En septembre, la Chambre des comptes a inauguré sa nouvelle étape, marquée par l'arrivée de la Liguina à la présidence, et par une réforme juridique qui facilite le PP d'Ayuso pour contrôler l'organisme de supervision, approuvant un rapport préparé avant tous ces changements dans lesquels critique «la mauvaise collaboration» de l'administration régionale. Le document comprend les plaintes qui ont déjà souligné un projet avancé par ce journal axé sur l'analyse des actions et des objectifs énoncés dans les plans de logement autonome et d'État 2013-2016 et 2018-2021 gérés par la communauté de Madrid; ou pour examiner les dépenses budgétaires des années 2018-2022 dans les plans de logement.
« Le nombre élevé de demandes soumises sans répondre à une réponse a donné lieu aux limites décrites tout au long du rapport, qui montre une mauvaise collaboration de l'entité contrôlée », lit le document scellé le 18 septembre; «Ayant exprimé les responsables des différentes unités compétentes pour l'exécution des plans de logement 2018-2022, en continu et, seulement verbalement, l'impossibilité de répondre aux demandes, compte tenu de la charge de travail qu'ils soutiennent, ainsi que de la fourniture insuffisante du personnel, sans être transféré dans cette chambre par écrit des difficultés dûment motivées et sans la date limite que le ministère a dû répondre aux informations a été requise demandé « .

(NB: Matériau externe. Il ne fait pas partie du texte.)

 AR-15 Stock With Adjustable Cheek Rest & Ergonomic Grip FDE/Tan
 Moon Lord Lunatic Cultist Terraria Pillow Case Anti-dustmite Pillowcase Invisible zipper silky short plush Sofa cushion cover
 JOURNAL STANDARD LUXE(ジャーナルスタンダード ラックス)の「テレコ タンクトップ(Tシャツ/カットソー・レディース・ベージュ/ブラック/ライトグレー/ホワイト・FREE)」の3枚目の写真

Ce n'est pas la seule plainte qui recueille le document sur le manque de collaboration par le gouvernement régional dans la tâche de supervision confiée à la Chambre des comptes.
De cette façon, il est souligné que « une partie de la documentation a été livrée massivement (au moins 795 fichiers) sans organiser ou structurer ». De plus, «Madrid n'a pas fourni d'informations à la contribution du ministère à financer les programmes du plan à élaborer dans le cadre de l'accord de 2015 et de la prolongation de 2017, de sorte que le revenu ou le revenu annuel ne peut être quantifié sa distribution par programmes ». Ou que «aucune information sur le total des obligations n'a été expliqué dans l'exécution du plan 2013-2016 et sa prolongation, détaillée par les exercices et les programmes, n'a pas été fournie, donc la totalité des obligations enregistrées au cours des années de validité du plan ne peut pas être crypté »

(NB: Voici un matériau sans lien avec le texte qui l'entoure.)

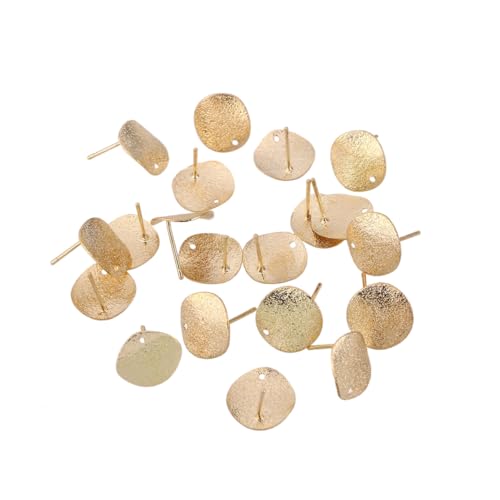 GARIOUANS 20 Stück Teiliges Goldfarbene Ohrstecker aus Legierung Flach mit Lange Stifte Damen Schmuck DIY Bastelohrringe von GARIOUANS
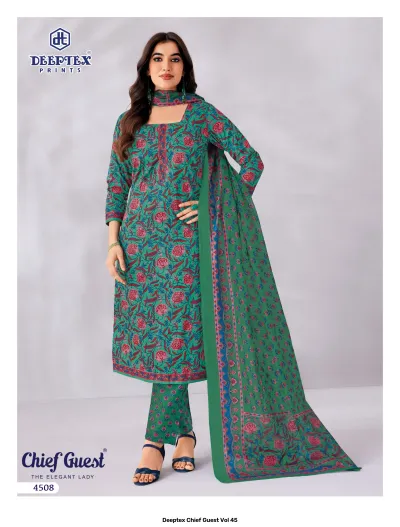 Deeptex Chief Guest Vol 45 — Heavy Cotton Printed, Unstitched Dress Materials, Deeptex Prints wholesale from Surat — view 9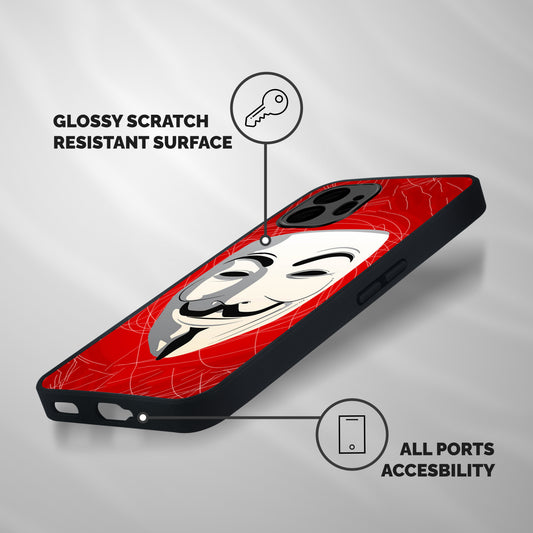 Anonymous Mask Abstract Shockproof Hybrid Protection (Metal + TPU) Back Case Cover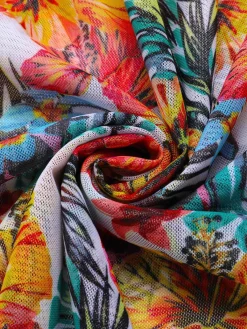 Sale Retro Stage 1960s Tropical Halter Bikini Set & Cover-Up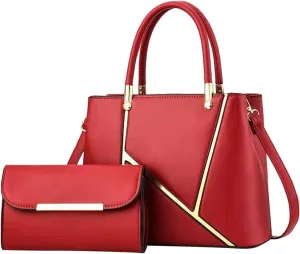 Beach Tote Bag 4 Packet Solid Color Leather Handbags Shoulder Bags Crossbody Hobo Bags Card Purse Work Travel Essential K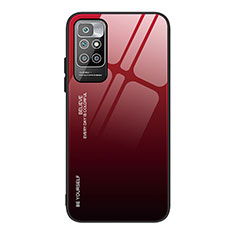 Carcasa Bumper Funda Silicona Espejo Gradiente Arco iris JM1 para Xiaomi Redmi 10 4G Rojo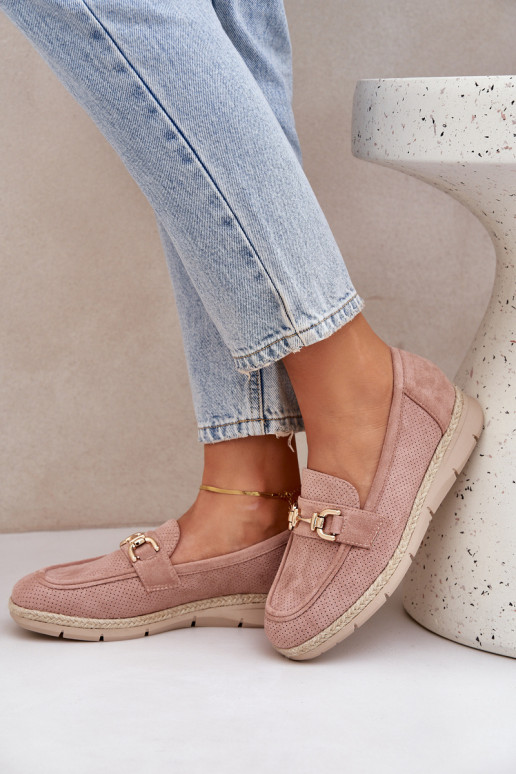 Cutout loafers with gold detail and jute weaving pink Lainer Cutout loafers with gold detail and jute weaving pink Lainer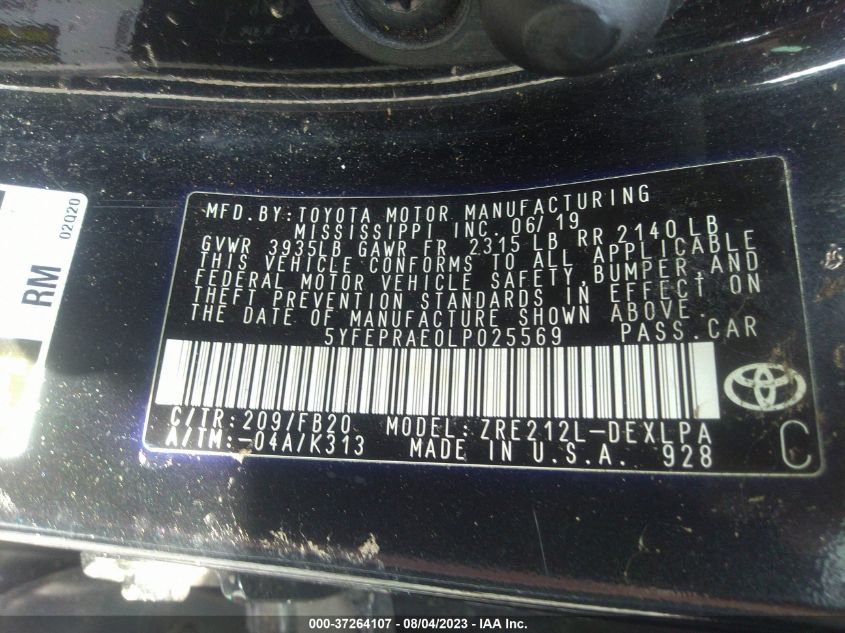 2020 TOYOTA COROLLA LE - 5YFEPRAE0LP025569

Ce ne sont que quelques exemples de plaintes de plaintes en raison du manque d'informations que l'administration régionale devrait fournir. Par conséquent, le rapport souligne que le ministère du logement, des transports et des infrastructures doit «renforcer les capacités du personnel en charge de la gestion des plans soumis à ce contrôle, cette capacité ayant été expressément mentionnée dans l'identification des limitations à portée de main motivé par le manque d'informations disponibles pour l'inspection ».

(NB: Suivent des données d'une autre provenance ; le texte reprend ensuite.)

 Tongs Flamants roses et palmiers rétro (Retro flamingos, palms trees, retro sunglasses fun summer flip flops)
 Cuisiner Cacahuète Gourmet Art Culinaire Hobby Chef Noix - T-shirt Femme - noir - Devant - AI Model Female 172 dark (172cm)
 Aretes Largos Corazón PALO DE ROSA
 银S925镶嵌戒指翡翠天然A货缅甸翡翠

En outre, le texte prétend à la communauté de Madrid qui justifie «avec des études et rapporte le choix des programmes à financer au sein des personnes établies par les plans de logement de l'État»; pour effectuer «les actions de contrôle et de surveillance établies, à la fois dans l'accord signé avec le ministère du Développement, comme dans ceux signés avec les entités générales; ou qu'il prétend « à l'État un montant de 7 391 256 euros qui a compensé en excès ».
De tout ce que je voulais demander à l'opposition à Legouina mercredi. Jusqu'à ce que le président, après son intervention initiale, ait refusé d'intervenir et ait donné la parole à un conseiller de la Chambre des comptes.